Tuesday morning, Adam Oates announced that goalie Jaroslav Halak wouldn’t start against his old team in St. Louis. Why? Via Katie Carrera:
“We know the feelings when you go into your old stomping ground and it’s not always easy and you’re not always comfortable, at least the first time,” Oates said. “We talked to [Halak] and he just wasn’t 100 percent comfortable. Unfortunately this time of year and where we’re at, we can’t afford that and Holts has played great lately. We feel really good about that and Holts is playing.”
This became a national headline, on hockey sites and beyond. For a team fighting desperately to stay in some sort of playoff contention, it seemed to be yet another unnecessary hurdle, yet another bit of unneeded drama. And the immediate response from plenty of Caps fans seemed anti-Halak: wondering why he would beg out of such a huge spot, wondering how he could not want to face the Blues, wondering why he was on this team if not to play in a game like this.
For the contrary position, here’s Alan May, on ESPN 980’s The Drive.
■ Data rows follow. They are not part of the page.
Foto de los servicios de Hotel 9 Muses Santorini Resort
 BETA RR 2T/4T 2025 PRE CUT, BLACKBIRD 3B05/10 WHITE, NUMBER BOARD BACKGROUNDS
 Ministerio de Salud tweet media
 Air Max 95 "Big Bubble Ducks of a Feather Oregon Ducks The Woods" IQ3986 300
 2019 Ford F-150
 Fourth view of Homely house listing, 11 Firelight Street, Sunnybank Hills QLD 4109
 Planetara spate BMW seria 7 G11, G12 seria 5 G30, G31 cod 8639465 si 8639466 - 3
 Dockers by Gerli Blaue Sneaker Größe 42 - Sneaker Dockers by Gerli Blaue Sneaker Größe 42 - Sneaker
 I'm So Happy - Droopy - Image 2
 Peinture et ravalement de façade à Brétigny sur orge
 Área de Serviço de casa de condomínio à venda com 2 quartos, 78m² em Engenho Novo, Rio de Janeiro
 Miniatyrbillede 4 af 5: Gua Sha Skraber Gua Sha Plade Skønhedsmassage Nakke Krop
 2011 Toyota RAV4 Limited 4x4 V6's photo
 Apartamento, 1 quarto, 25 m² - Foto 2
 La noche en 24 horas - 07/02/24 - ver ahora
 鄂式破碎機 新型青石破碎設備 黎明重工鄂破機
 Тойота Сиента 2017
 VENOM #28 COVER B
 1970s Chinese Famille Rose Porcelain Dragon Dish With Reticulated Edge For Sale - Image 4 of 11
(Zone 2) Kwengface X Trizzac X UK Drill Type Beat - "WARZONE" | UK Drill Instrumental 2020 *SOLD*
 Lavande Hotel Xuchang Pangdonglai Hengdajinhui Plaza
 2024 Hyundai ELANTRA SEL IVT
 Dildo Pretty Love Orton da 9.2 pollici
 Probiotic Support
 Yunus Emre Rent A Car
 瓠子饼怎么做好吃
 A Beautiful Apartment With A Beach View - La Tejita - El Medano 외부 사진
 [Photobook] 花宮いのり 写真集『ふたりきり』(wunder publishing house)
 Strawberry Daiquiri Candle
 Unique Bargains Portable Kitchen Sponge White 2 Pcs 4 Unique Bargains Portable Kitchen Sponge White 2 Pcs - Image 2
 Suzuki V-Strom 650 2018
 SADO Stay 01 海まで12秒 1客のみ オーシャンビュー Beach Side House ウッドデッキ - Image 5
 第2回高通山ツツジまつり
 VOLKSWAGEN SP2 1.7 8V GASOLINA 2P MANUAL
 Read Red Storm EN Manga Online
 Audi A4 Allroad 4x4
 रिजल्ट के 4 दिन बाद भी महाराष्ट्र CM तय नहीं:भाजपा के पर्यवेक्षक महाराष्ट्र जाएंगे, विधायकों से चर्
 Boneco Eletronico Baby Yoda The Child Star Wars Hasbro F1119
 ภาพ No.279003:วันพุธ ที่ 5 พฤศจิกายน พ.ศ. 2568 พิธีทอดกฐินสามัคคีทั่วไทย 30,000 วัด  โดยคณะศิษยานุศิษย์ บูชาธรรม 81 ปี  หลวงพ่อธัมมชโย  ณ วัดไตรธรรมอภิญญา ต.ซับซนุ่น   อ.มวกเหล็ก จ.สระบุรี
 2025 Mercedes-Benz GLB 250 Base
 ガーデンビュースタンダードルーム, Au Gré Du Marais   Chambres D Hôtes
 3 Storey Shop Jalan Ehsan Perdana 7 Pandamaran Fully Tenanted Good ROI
“First of all, I don’t think it should be made public, at all,” May said Tuesday afternoon. “I just think the coach is supposed to name the starters without complicating things. And we’re not privy to the entire conversation. I just don’t think that players should be put in positions to have to answer and defend these situations. Because we don’t have a microphone; there’s not cameras in there to see the entire conversation. And it really shouldn’t be something that we’re able to talk about.”
So how could Oates have avoided this?
“You name your starter,” May said. “You tell the goalie you’re playing, and that’s it. I just don’t think it’s good that this stuff is happening right now. I’ve seen coaches who won’t play a goaltender because they’re playing their old team, and they don’t even have the conversation. They just tell them, you know what, Braden, you’re playing….It’s just a lot of little nitpicking going on here and there, and I just can’t believe that we’re actually talking about this right now.”
Steve Czaban then asked May to assumed that Halak really had begged out of the game, wondering how then to assess the player’s actions.
“You know what, I don’t think you guys are getting what I’m saying,” May said. “I don’t think we’re privy to the entire conversation. I don’t think it’s that black and white. Was he baited by the coaches? Was he not? If you asked me, if I was playing against one of my former teams — are you nervous about tonight? — I’d say yeah, a little bit. I want to make sure I play good against my old team. There’s a lot of different ways that different people answer those questions.”
And then May was asked why Oates would have made public his conversation with Halak.
“I have no idea,” May answered. “There’s just a lot of things that have been baffling lately. And this falls in line with the things that have been going on. I’m not sure. Maybe the coach has run out of answers. It’s just right now, I think the number one thing is guys should be ready to play. Guys go in the lineup, guys get sat out, goalies start, goalies don’t start, goalies back up, and you put your team on the ice.”